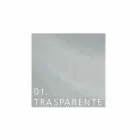 Meuble pour salle de bain 4 compartiments, L300x H1400 mm, Adelia Viadurini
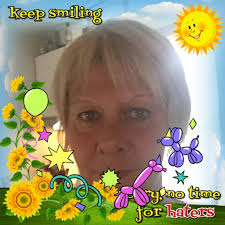 Phil Jay Staples is far from perfect. None of us are and especially me.  Phil has had many chances in life...some he has taken, others he has let go  through to the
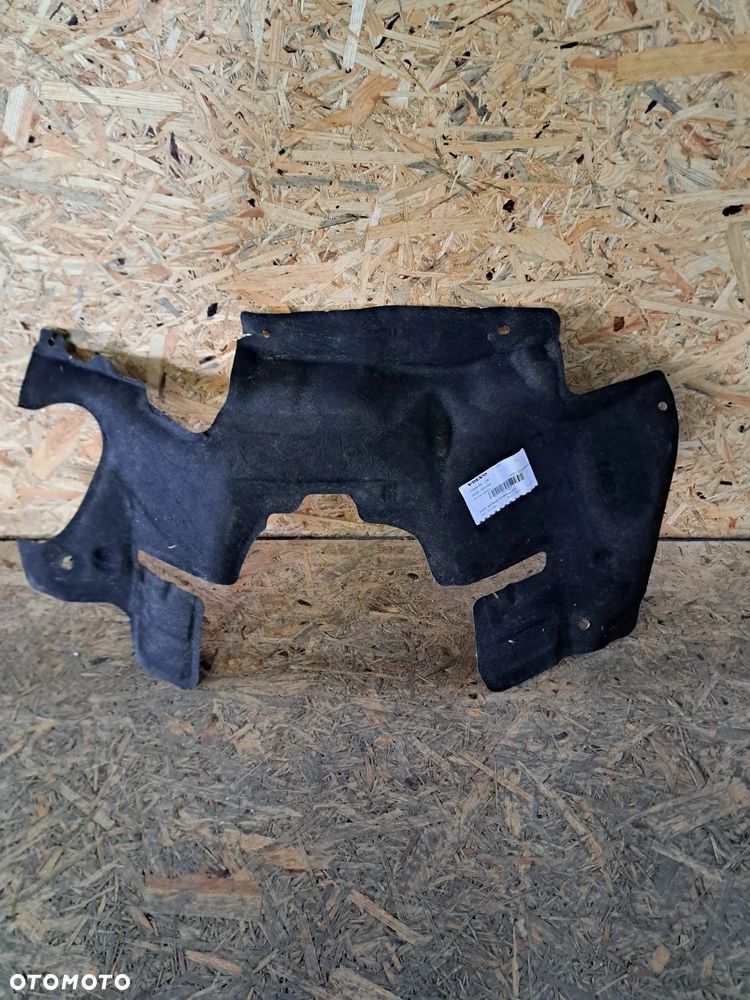 Wygłuszenie ściany grodziowej VOLVO XC60 II OE 32244470 - 2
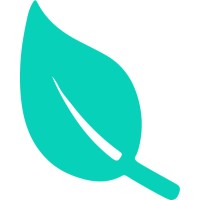 Logus logo - Similar company to Logus Technologies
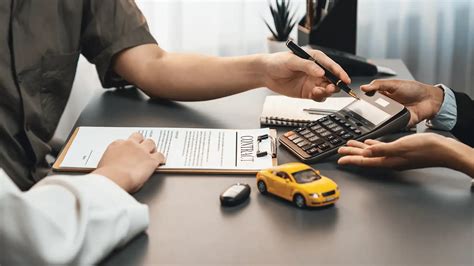 How to pay off your car loan faster | Drive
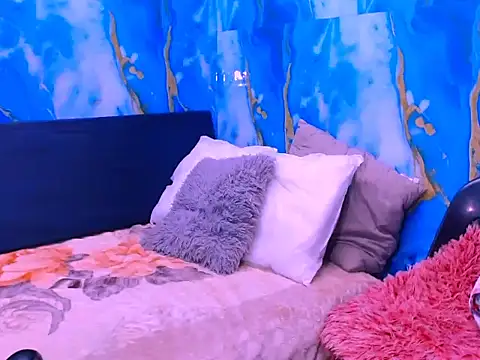 ebonypretty4u69 webcam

┄┄┄┄┄┄┄┄┄┄

DIRECTIONS FOR THIS TASK
Your task is to retype, exactly and only, the lines from the line holding "How to pay off your car loan faster | Drive" through the final line of the data above, with both ends kept. Drop the pictures.

ANSWER SECTION
 How to pay off your car loan faster | Drive
 ebonypretty4u69 webcam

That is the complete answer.